Am 25. August werden Wissenschaftler aus Rußland und Deutschland zur 11. Expedition im Rahmen des BMBF Verbundvorhabens „System Laptev-See“ aufbrechen. Ziel der Expedition ist es, Prozessstudien im submarinen Permafrost der östlichen Laptev-See durchzuführen. Im Mittelpunkt stehen dabei Bohrungen in den submarinen Permafrost. Die Studien sollen einerseits Aufschluss geben über den Aufbau und die Struktur des untermeerischen Permafrostes (Stichwort: Freisetzung von Treibhausgasen in Folge von globalen Klimaveränderungen), und zum anderen sollen die Daten am Meeresboden zeigen, inwieweit Umweltveränderungen (Stichwort: Erwärmung der Arktis) das fragile System von gefrorenen Meeresbodenablagerungen beeinflussen können.

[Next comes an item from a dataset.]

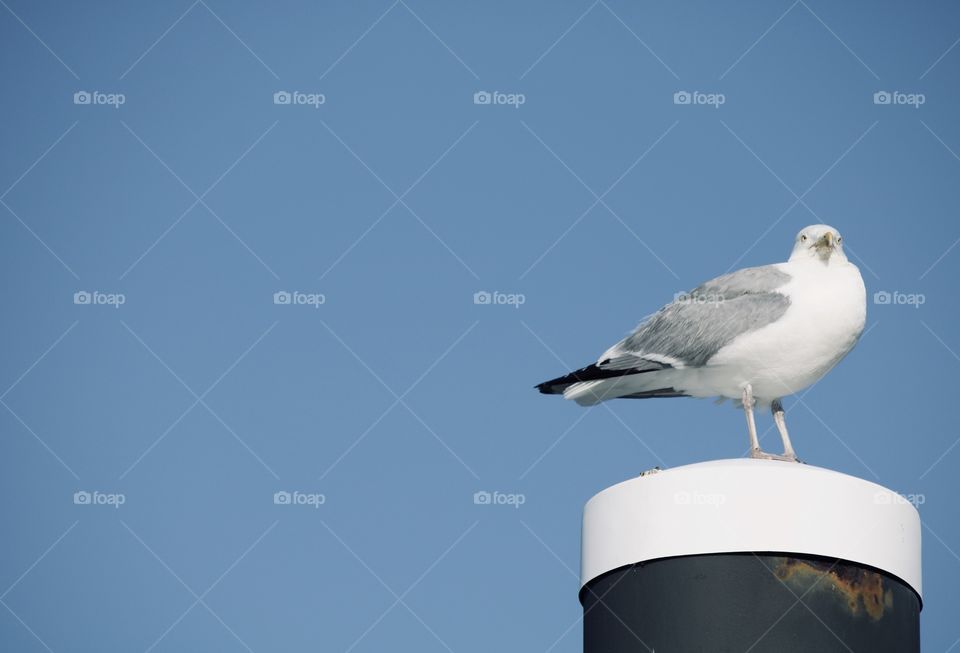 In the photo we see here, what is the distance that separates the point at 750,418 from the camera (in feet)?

Wissenschaftler des Kieler Leibniz-Instituts für Meereswissenschaften IFM-GEOMAR (Thomas Müller-Lupp, Torben Klagge), der Universitäten Bremen (Ralf Junker) und Moskau (Ekatharina Taldenkova), der Akademie der Wissenschaften und Literatur in Mainz (Henning Bauch) sowie des Staatlichen Institutes für die Geologie der Weltmeere in St. Petersburg (Pavel Rekant) werden an der Expedition unter der Leitung von Heidemarie Kassens vom IFM-GEOMAR teilnehmen. Finanziert wird die Expedition vom Bundesministerium für Bildung und Forschung und dem russischen Ministerium für Bildung und Forschung.